GIVEN DATA:
######
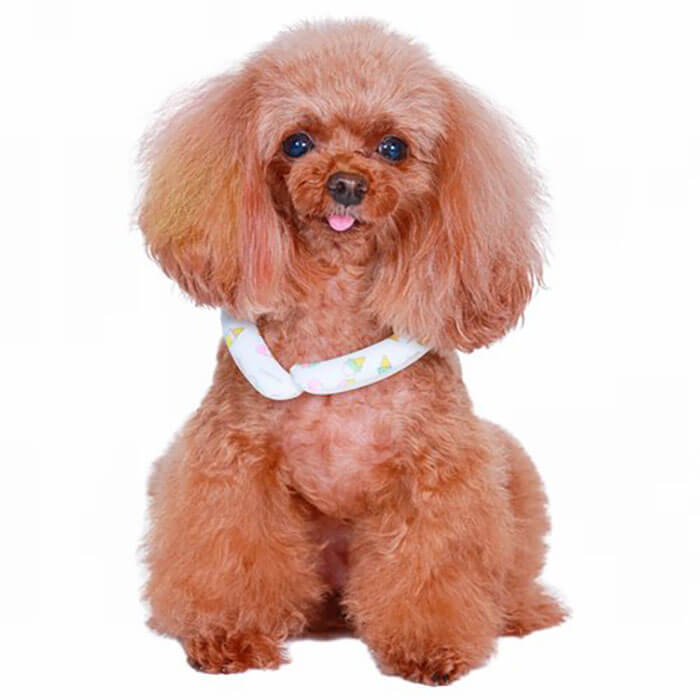 新品 GODPIVA アニマルレインスヌード こぶた XS～Mサイズ 18～29ｃｍ 撥水加工 犬小物 レビュー高評価のおせち贈り物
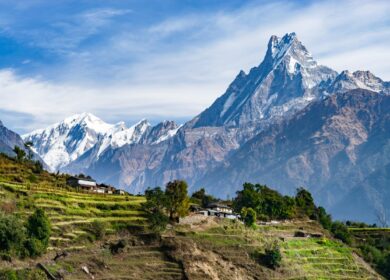 В Непале наказали недобросовестных поставщиков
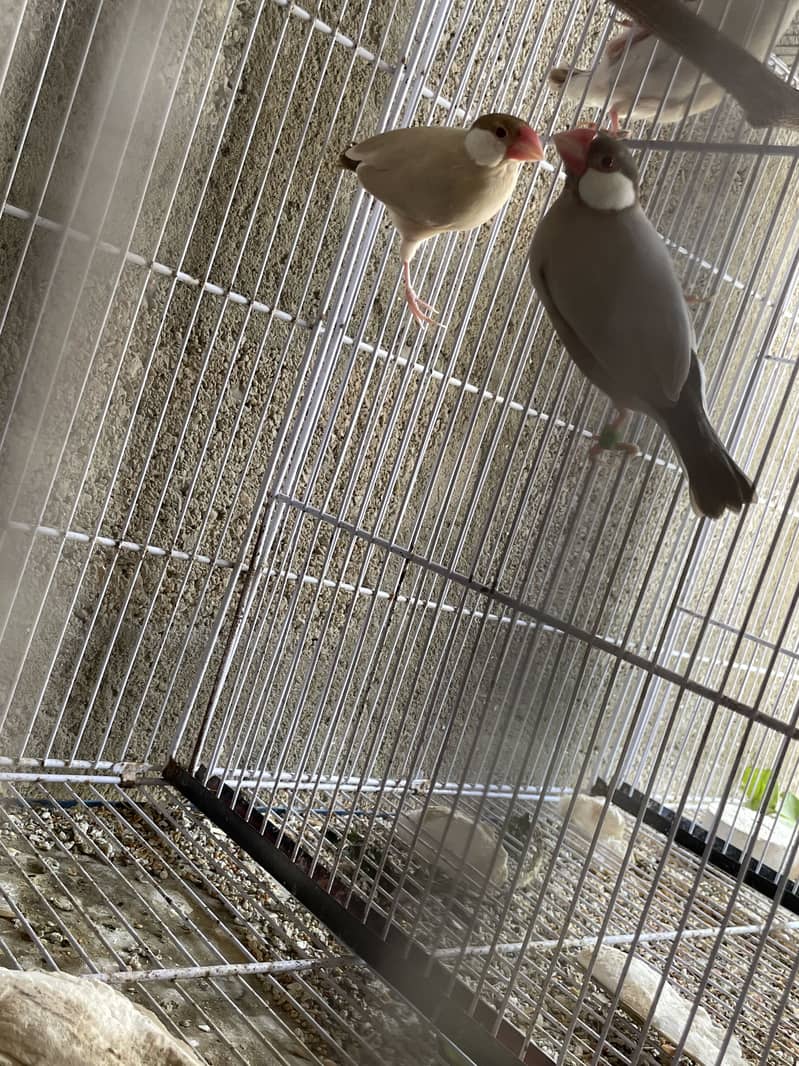 Opal Java Fawn Java Cocktail Love birds 7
######
TASK STATEMENT: Output the material word for word. Pictures do not go in.

COMPLETED EXERCISE:
 新品 GODPIVA アニマルレインスヌード こぶた XS～Mサイズ 18～29ｃｍ 撥水加工 犬小物 レビュー高評価のおせち贈り物
 В Непале наказали недобросовестных поставщиков
 Opal Java Fawn Java Cocktail Love birds 7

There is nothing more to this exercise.